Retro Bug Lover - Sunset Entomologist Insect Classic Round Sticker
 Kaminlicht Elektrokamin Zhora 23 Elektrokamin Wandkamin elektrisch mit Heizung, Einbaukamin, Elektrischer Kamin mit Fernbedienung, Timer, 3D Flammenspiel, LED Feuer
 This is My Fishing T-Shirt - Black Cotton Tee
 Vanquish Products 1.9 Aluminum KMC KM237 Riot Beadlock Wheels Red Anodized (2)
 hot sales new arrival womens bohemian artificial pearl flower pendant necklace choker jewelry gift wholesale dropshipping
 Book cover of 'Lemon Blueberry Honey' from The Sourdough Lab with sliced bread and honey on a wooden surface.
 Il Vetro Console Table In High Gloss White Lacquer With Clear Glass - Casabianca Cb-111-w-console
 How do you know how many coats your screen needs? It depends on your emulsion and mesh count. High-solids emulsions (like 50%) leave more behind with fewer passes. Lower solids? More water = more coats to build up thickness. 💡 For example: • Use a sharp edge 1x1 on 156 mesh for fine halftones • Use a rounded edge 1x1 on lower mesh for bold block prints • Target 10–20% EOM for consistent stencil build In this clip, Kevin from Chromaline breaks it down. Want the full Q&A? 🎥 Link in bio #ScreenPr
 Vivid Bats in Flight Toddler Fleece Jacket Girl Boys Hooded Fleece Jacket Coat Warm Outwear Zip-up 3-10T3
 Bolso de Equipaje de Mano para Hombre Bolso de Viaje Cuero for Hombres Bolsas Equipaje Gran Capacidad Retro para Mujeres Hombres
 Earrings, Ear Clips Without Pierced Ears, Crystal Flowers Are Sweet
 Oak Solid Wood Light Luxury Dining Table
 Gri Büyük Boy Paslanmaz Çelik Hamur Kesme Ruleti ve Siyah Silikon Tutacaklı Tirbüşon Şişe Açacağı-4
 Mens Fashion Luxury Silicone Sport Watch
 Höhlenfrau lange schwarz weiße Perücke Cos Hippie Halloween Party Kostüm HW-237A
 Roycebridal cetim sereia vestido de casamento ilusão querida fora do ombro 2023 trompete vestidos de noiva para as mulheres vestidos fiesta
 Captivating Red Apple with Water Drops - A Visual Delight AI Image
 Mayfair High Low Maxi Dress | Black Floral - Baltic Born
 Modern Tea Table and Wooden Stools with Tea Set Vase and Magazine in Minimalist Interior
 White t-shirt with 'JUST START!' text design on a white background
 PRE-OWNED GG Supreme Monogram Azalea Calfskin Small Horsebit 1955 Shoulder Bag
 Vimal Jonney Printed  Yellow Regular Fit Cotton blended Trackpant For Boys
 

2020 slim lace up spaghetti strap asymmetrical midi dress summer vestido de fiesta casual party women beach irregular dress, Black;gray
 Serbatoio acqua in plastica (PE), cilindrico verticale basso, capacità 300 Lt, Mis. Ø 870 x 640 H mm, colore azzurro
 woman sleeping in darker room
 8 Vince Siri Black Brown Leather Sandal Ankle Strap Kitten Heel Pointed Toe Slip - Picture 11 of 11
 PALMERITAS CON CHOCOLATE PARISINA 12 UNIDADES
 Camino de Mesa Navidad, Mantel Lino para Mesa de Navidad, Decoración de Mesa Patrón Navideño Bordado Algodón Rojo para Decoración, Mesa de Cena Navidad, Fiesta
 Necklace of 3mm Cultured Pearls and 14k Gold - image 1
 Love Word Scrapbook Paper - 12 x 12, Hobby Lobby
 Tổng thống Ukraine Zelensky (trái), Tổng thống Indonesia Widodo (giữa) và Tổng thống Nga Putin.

----

* **Description of the task**
Write down exactly the span of lines above from the one containing "Vanquish Products 1.9" to the one containing "How do you know", both ends included.

* **Expected answer**
 Vanquish Products 1.9 Aluminum KMC KM237 Riot Beadlock Wheels Red Anodized (2)
 hot sales new arrival womens bohemian artificial pearl flower pendant necklace choker jewelry gift wholesale dropshipping
 Book cover of 'Lemon Blueberry Honey' from The Sourdough Lab with sliced bread and honey on a wooden surface.
 Il Vetro Console Table In High Gloss White Lacquer With Clear Glass - Casabianca Cb-111-w-console
 How do you know how many coats your screen needs? It depends on your emulsion and mesh count. High-solids emulsions (like 50%) leave more behind with fewer passes. Lower solids? More water = more coats to build up thickness. 💡 For example: • Use a sharp edge 1x1 on 156 mesh for fine halftones • Use a rounded edge 1x1 on lower mesh for bold block prints • Target 10–20% EOM for consistent stencil build In this clip, Kevin from Chromaline breaks it down. Want the full Q&A? 🎥 Link in bio #ScreenPr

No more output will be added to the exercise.